ROMFS - ROM File System

This is a quite dumb, read only filesystem, mainly for initial RAM disks of installation disks. It has grown up by the need of having modules linked at boot time. Using this filesystem, you get a very similar feature, and even the possibility of a small kernel, with a file system which doesn’t take up useful memory from the router functions in the basement of your office.

For comparison, both the older minix and xiafs (the latter is now defunct) filesystems, compiled as module need more than 20000 bytes, while romfs is less than a page, about 4000 bytes (assuming i586 code). Under the same conditions, the msdos filesystem would need about 30K (and does not support device nodes or symlinks), while the nfs module with nfsroot is about 57K. Furthermore, as a bit unfair comparison, an actual rescue disk used up 3202 blocks with ext2, while with romfs, it needed 3079 blocks.

To create such a file system, you’ll need a user program named genromfs. It is available on http://romfs.sourceforge.net/

As the name suggests, romfs could be also used (space-efficiently) on various read-only media, like (E)EPROM disks if someone will have the motivation.. :)

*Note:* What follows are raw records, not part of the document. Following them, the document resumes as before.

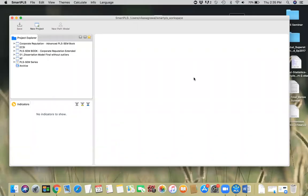Hello, everyone. In this video, I will demonstrate how to export and import PLS-SCM projects using SmartPLS.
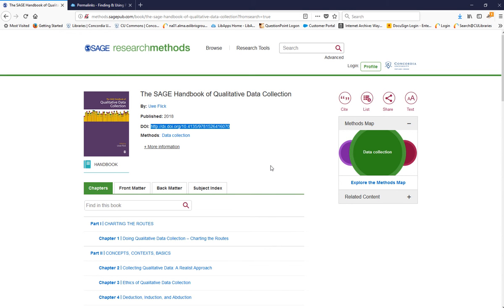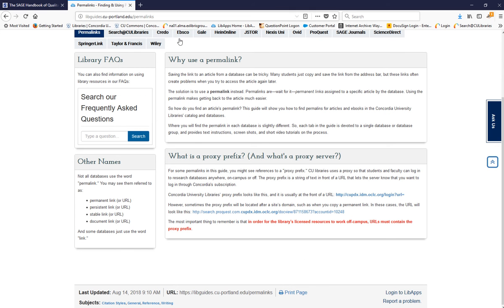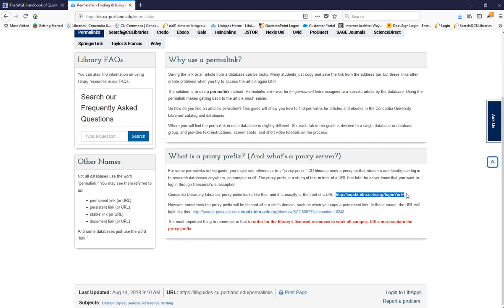or wherever you want to use it. If you access the resource from on-campus, be sure to add the proxy prefix to the front of the URL before sharing the link. You must add the proxy prefix for the link to work off-campus.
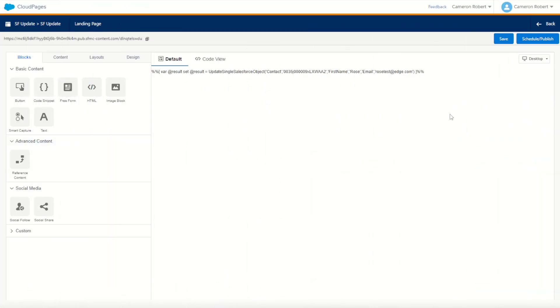The update single Salesforce object function in Ampscript is beautifully easy to use and it's an absolute must-know function for any developer working in a connected Salesforce Marketing Cloud instance. You'll find this function is used a lot on things like preference pages, as when your subscribers change their preferences or their details you'll be using functions just like this to update their CRM records.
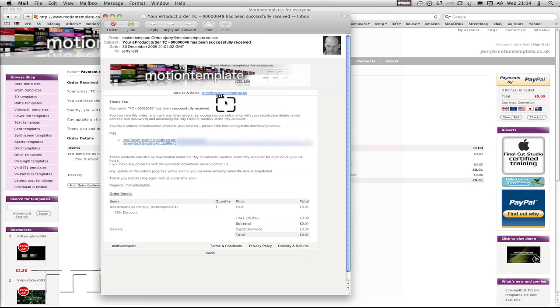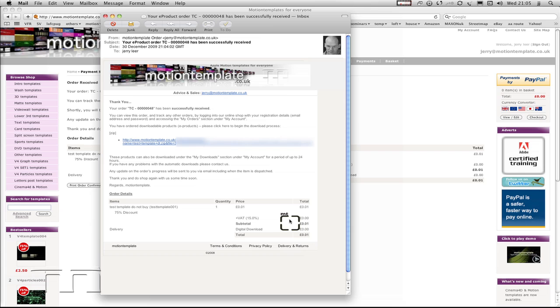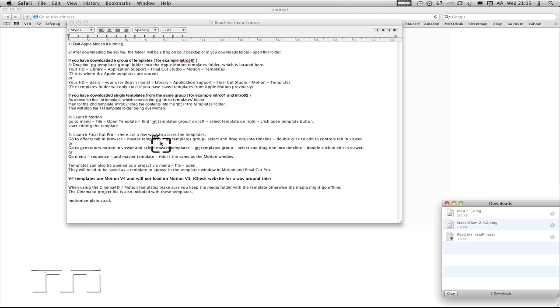This is the email you'll receive from motion template when the purchase has been completed. It tells you what you've bought, the price, and all that sort of thing. What you need to do is just click this, because this is the download for the template. So I'll click on this.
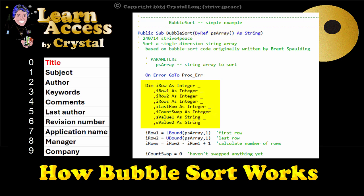First, we'll dimension some variables. I row is for the row we are currently on when we're looping. I row 1 is the first row. I row 2 is the last row. I rows is the number of rows.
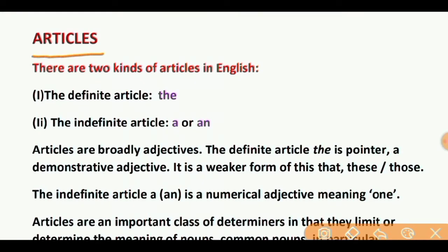Articles. There are two kinds of articles in English. First, the definite article. Second, the indefinite article A or AN. Articles are broadly adjectives. The definite article 'the' is a pointer, a demonstrative adjective. It is a weaker form of this, that, these, those. The indefinite article A or AN is a numerical adjective meaning 'one'.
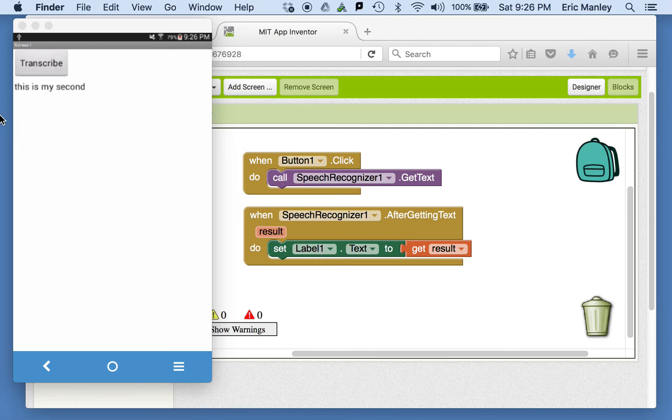Test it out, give it a try, and then check back for the next video where we're going to put all of this together in one really cool app.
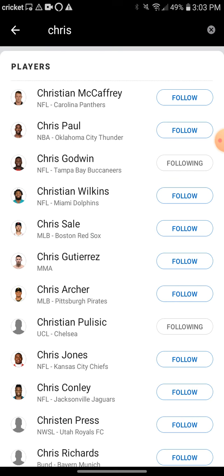Thanks for watching! As always, be sure to like and subscribe, comment down below if you have any questions, and also leave me a comment letting me know who you decided to follow. See you guys in the next one!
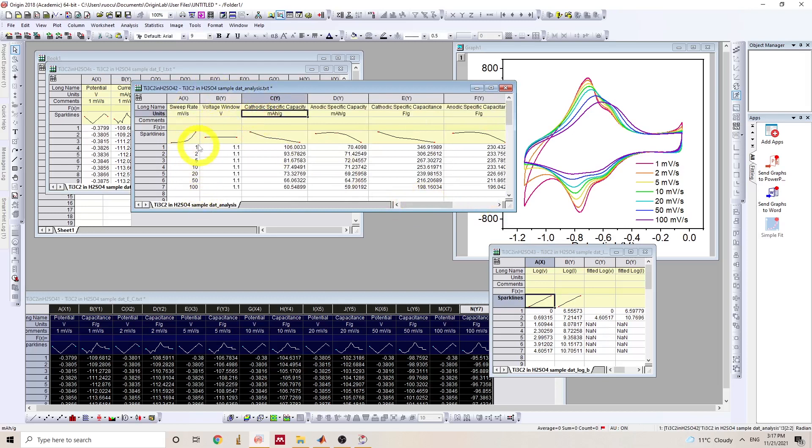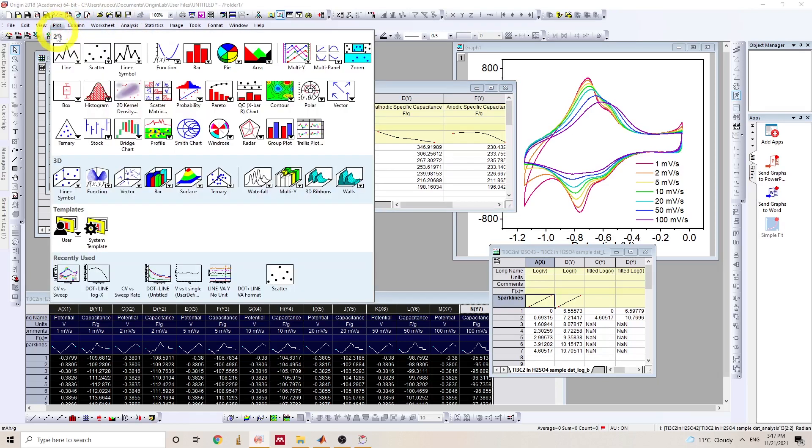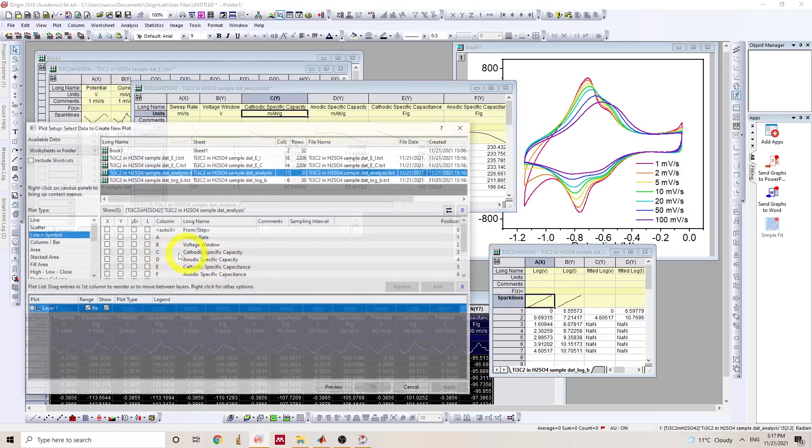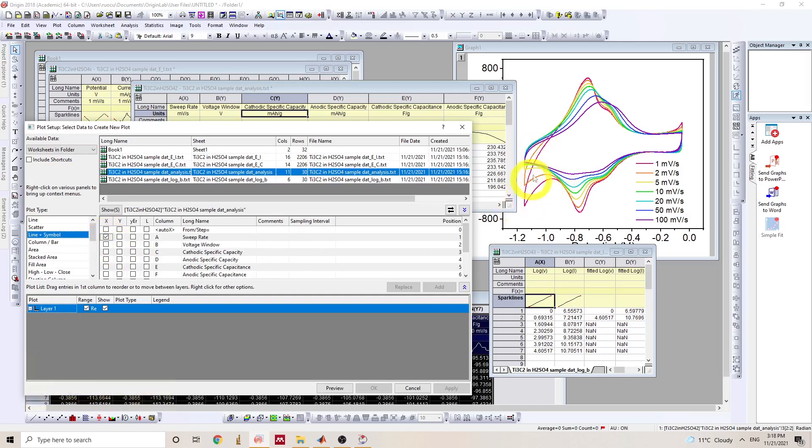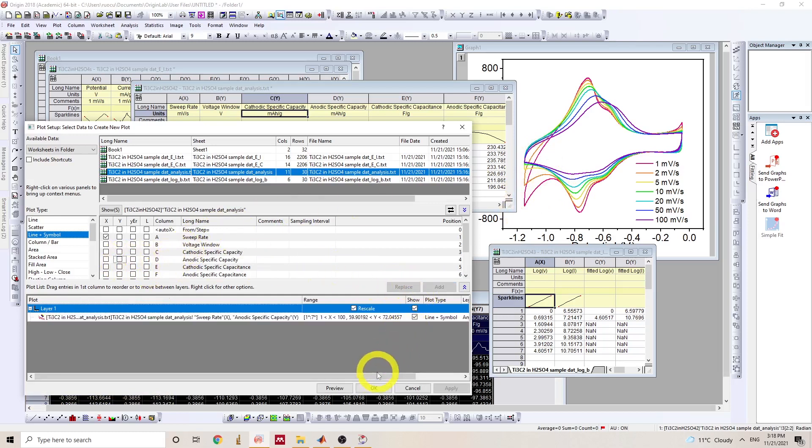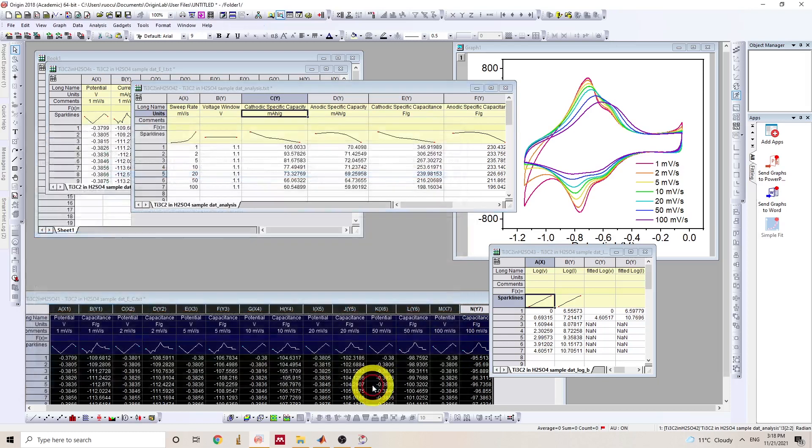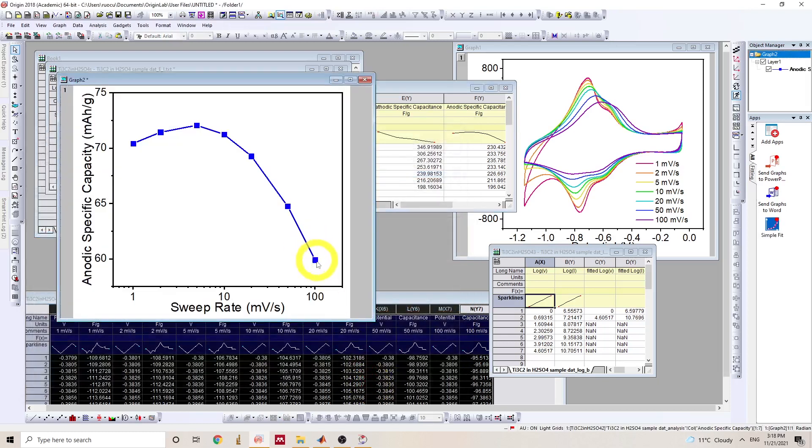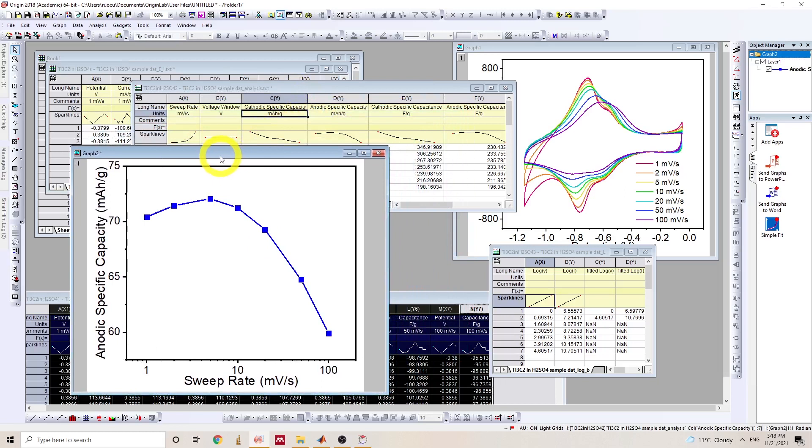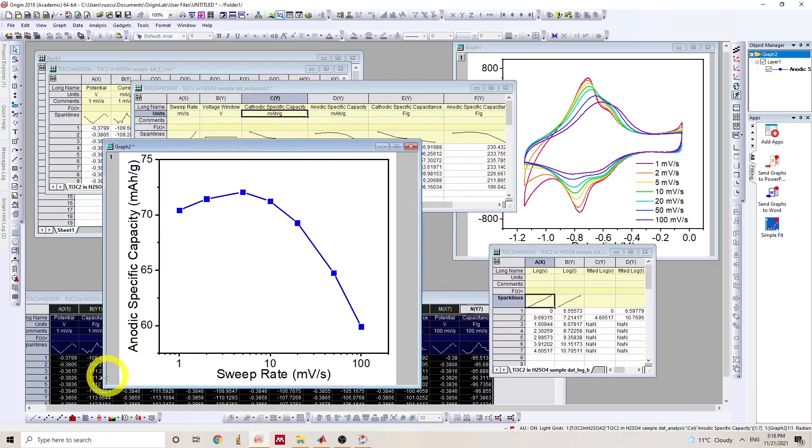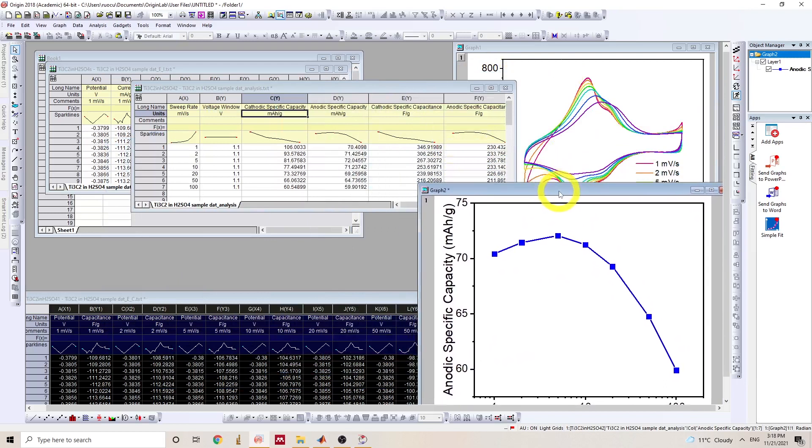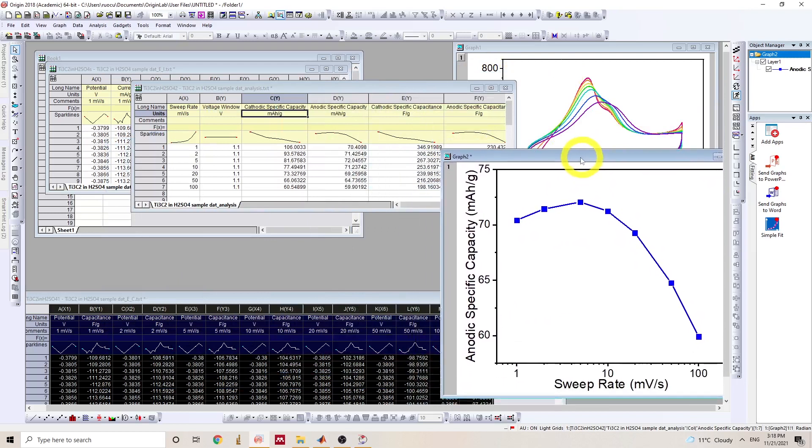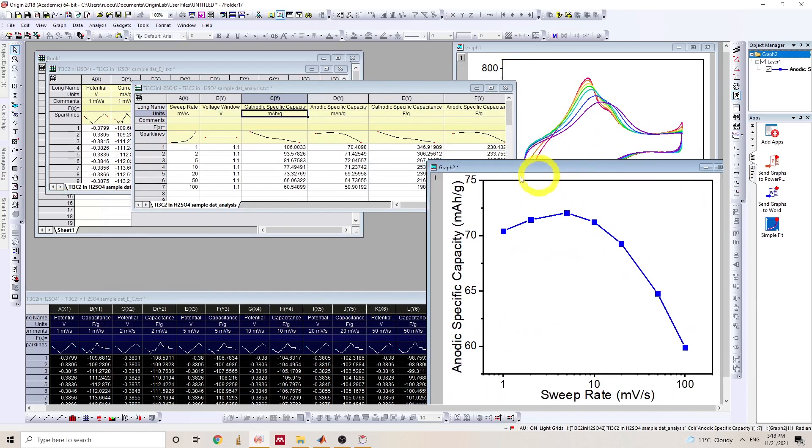So since we run from 1 to 10 to 100 millivolts per second across three magnitude, I like to use this log scale. Since the cathodic cycle has a lot of hydrogen evolution going on, I will just plot anodic specific capacity to be more accurate representation of the energy storage here. So you will see a graph like this showing the specific capacity as a function of sweep rate.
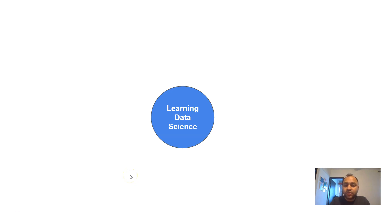Hello and welcome to this new video. This video is about how you can learn data science. If you have decided to learn data science, you have landed on the right video, because this video will provide a lot of inputs related to how to start your learning within the field of data science.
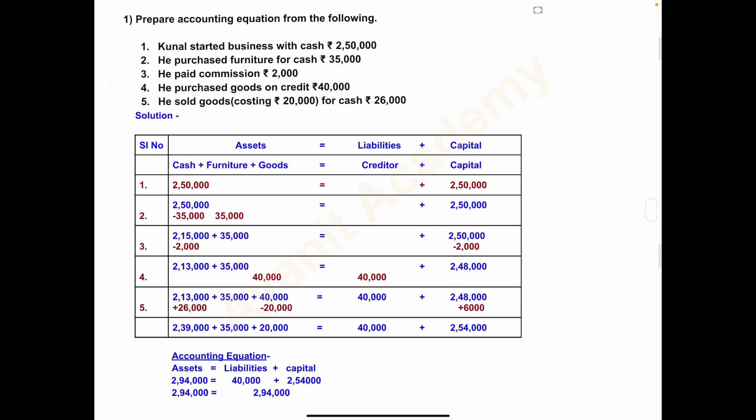Hello students, welcome back to my channel. In the last video we learnt the accounting equation. Today we will solve a problem on the accounting equation. Let's start with problem number one: prepare the accounting equation from the following transactions.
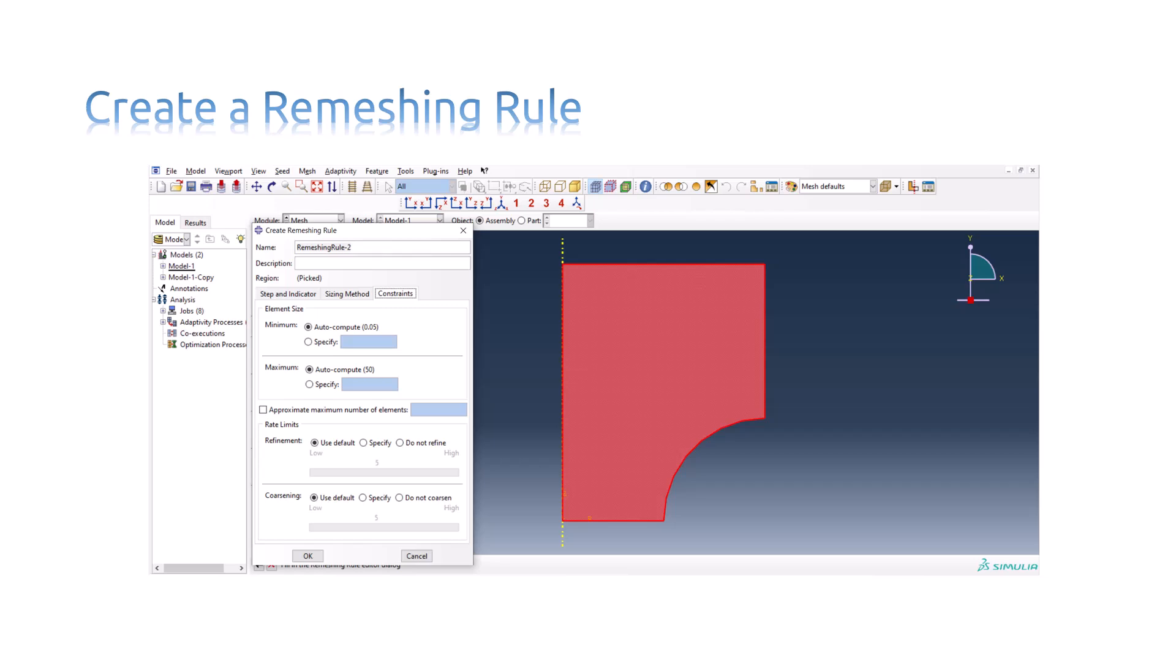Click the Constraints tab to select constraints on the element size during the remeshing process. Click OK to create the remeshing rule and to close the Create Remeshing Rule dialog box.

However, the main purpose of romfs is to have a very small kernel, which has only this filesystem linked in, and then can load any module later, with the current module utilities. It can also be used to run some program to decide if you need SCSI devices, and even IDE or floppy drives can be loaded later if you use the “initrd”–initial RAM disk–feature of the kernel. This would not be really news flash, but with romfs, you can even spare off your ext2 or minix or maybe even affs filesystem until you really know that you need it.

For example, a distribution boot disk can contain only the cd disk drivers (and possibly the SCSI drivers), and the ISO 9660 filesystem module. The kernel can be small enough, since it doesn’t have other filesystems, like the quite large ext2fs module, which can then be loaded off the CD at a later stage of the installation. Another use would be for a recovery disk, when you are reinstalling a workstation from the network, and you will have all the tools/modules available from a nearby server, so you don’t want to carry two disks for this purpose, just because it won’t fit into ext2.

romfs operates on block devices as you can expect, and the underlying structure is very simple. Every accessible structure begins on 16 byte boundaries for fast access. The minimum space a file will take is 32 bytes (this is an empty file, with a less than 16 character name). The maximum overhead for any non-empty file is the header, and the 16 byte padding for the name and the contents, also 16+14+15 = 45 bytes. This is quite rare however, since most file names are longer than 3 bytes, and shorter than 15 bytes.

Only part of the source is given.